Re: [Update][RFC/RFT][PATCH v3 2/5] driver core: Functional dependencies tracking support
From: Rafael J. Wysocki
Date: Fri Sep 23 2016 - 09:36:20 EST
On Tuesday, September 20, 2016 12:46:30 AM Lukas Wunner wrote:
> On Fri, Sep 16, 2016 at 02:33:55PM +0200, Rafael J. Wysocki wrote:
> > From: Rafael J. Wysocki <rafael.j.wysocki@xxxxxxxxx>
> >
> > Currently, there is a problem with taking functional dependencies
> > between into account.
> ^
> devices
>
> > What I mean by a "functional dependency" is when the driver of device
> > B needs device A to be functional and (generally) its driver to be
> > present in order to work properly. This has certain consequences
> > for power management (suspend/resume and runtime PM ordering) and
> > shutdown ordering of these devices. In general, it also implies that
> > the driver of A needs to be working for B to be probed successfully
> > and it cannot be unbound from the device before the B's driver.
> ^^
> Trailing whitespace.
>
> > Support for representing those functional dependencies between
> > devices is added here to allow the driver core to track them and act
> > on them in certain cases where applicable.
> >
> > The argument for doing that in the driver core is that there are
> > quite a few distinct use cases involving device dependencies, they
> > are relatively hard to get right in a driver (if one wants to
> > address all of them properly) and it only gets worse if multiplied
> > by the number of drivers potentially needing to do it. Morever, at
> > least one case (asynchronous system suspend/resume) cannot be handled
> > in a single driver at all, because it requires the driver of A to
> > wait for B to suspend (during system suspend) and the driver of B to
> > wait for A to resume (during system resume).
> >
> > For this reason, represent dependencies between devices as "links",
> > with the help of struct device_link objects each containing pointers
> > to the "linked" devices, a list node for each of them, status
> > information, flags, a lock and an RCU head for synchronization.
> >
> > Also add two new list heads, links_to_consumers and links_to_suppliers,
> > to struct device to represent the lists of links to the devices that
> > depend on the given one (consumers) and to the devices depended on
> > by it (suppliers), respectively.
> >
> > The entire data structure consisting of all of the lists of link
> > objects for all devices is protected by SRCU (for list walking)

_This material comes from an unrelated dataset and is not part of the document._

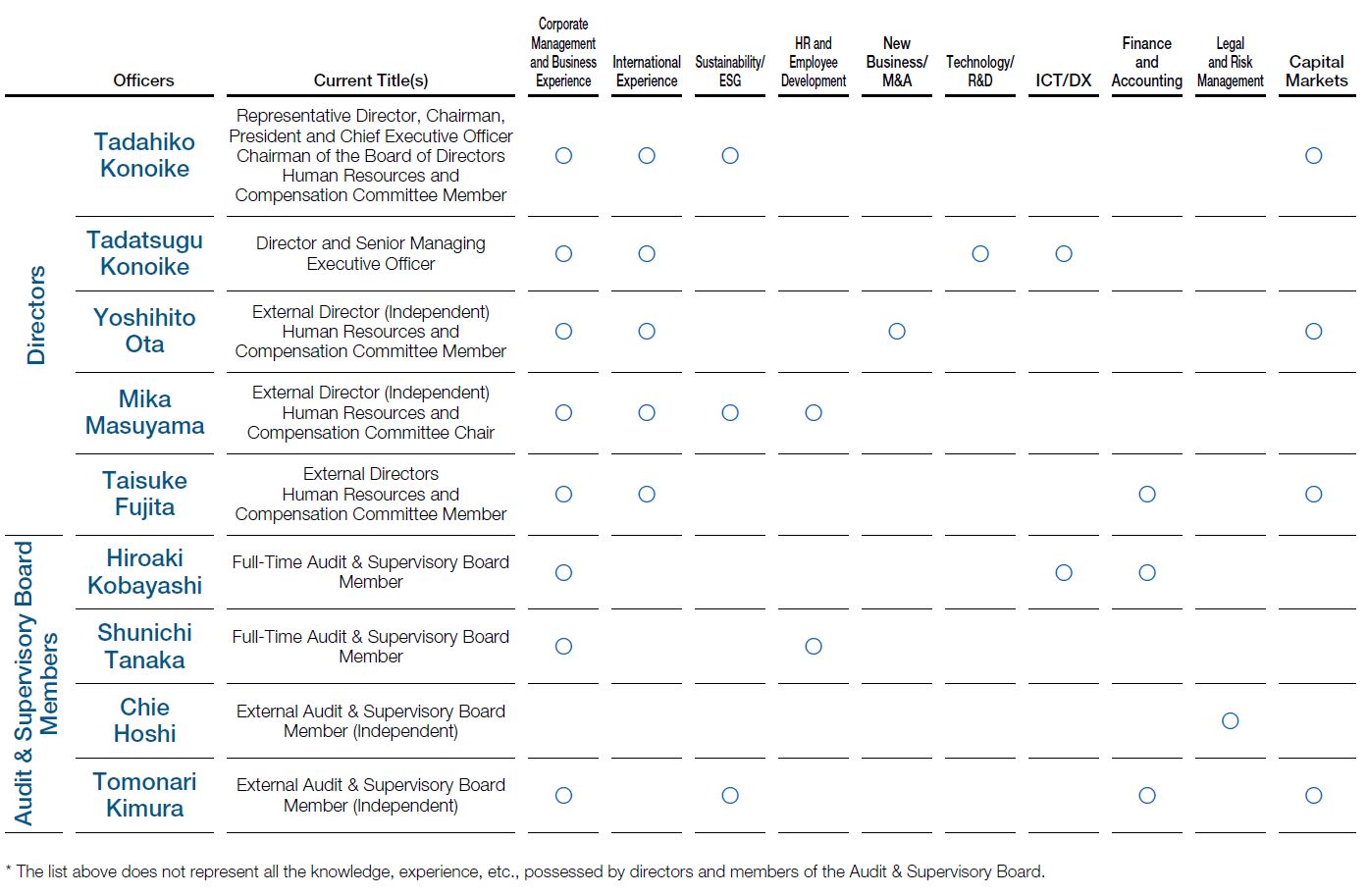 Skills Matrix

> > and a by mutex (for link object addition/removal). In addition
> ^^^^
> by a
>
> > to that, each link object has an internal status field whose
> > value reflects what's happening to the devices pointed to by
> > the link. That status field is protected by an internal spinlock.
>
> More precisely, the status field tracks the driver boundness of
> the two devices comprising the link. ("what's happening to the
> devices" is a bit broad, this is really about the *drivers*.)
Basically OK, but it will be more than that most likely due to the bug
reported by Marek.
And thanks for the typo fixes. :-)
> > New links are added by calling device_link_add() which takes four
> > arguments: pointers to the devices in question, the initial status
> > of the link and flags. In particular, if DEVICE_LINK_STATELESS is
> > set in the flags, the link status is not to be taken into account
> > for this link and the driver core will not manage it. In turn, if
> > DEVICE_LINK_AUTOREMOVE is set in the flags, the driver core will
> > remove the link automatically when the consumer device driver
> > unbinds from it.
> >
> > One of the actions carried out by device_link_add() is to reorder
> > the lists used for device shutdown and system suspend/resume to
> > put the consumer device along with all of its children and all of
> > its consumers (and so on, recursively) to the ends of those list
> ^
> s
>
> > in order to ensure the right ordering between all of the supplier
> > and consumer devices.
> >
> > For this reason, it is not possible to create a link between two
> > devices if the would-be supplier device already depends on the
> > would-be consumer device as either a direct descendant of it or a
> > consumer of one of its direct descendants or one of its consumers
> > and so on.
> >
> > It also is impossible to create a link between a parent and a child
> > device (in any direction).
> >
> > There are two types of link objects, persistent and non-persistent.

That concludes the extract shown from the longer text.